Accelerating Training Using Multi GPUs¶

Experimental¶

The Training Environment: Athena

Training Data: A subset was random selected 1000 samples from HKUST training dataset.

Network: LAS Model

Primary Network Configuration: NUM_EPOCHS 1， BATCH_SIZE 10

The training time is changed by different number of server and GPU when using Horovod+Tensorflow. At the same time, the training data and network structure etc still keep same to train one epoch.
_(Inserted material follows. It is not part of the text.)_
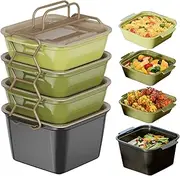 Fruit Storage Container | Convenient Food Snack Box,Versatile Portable Stackable Multifunctional Tray With Handle For Lunch Home Car Beach Picnic Party Travel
These results of experiment are shown below:

The training time using `Horovod`+`Tensorflow`(Character)¶

Server and GPU number	1S - 1GPU	1S - 2GPU	1S - 3GPU	1S - 4GPU	2S - 2GPU	2S - 4GPU	2S - 6GPU	2S - 8GPU
Training time(s/1 epoch)	121.409	83.111	61.607	54.507	82.486	49.888	33.333	28.101

The Result Analysis¶

As shown in Table above, training time gets shorter when more GPUs are used. The speedup using four GPU is 2.2 times compared to using one GPU.
The communication overhead is really small between difference server using Horovod. We have trained model with same structure respectively using 1 servers with 2 GPUs and using 2 servers with 1 GPU each. The total training time is almost the same.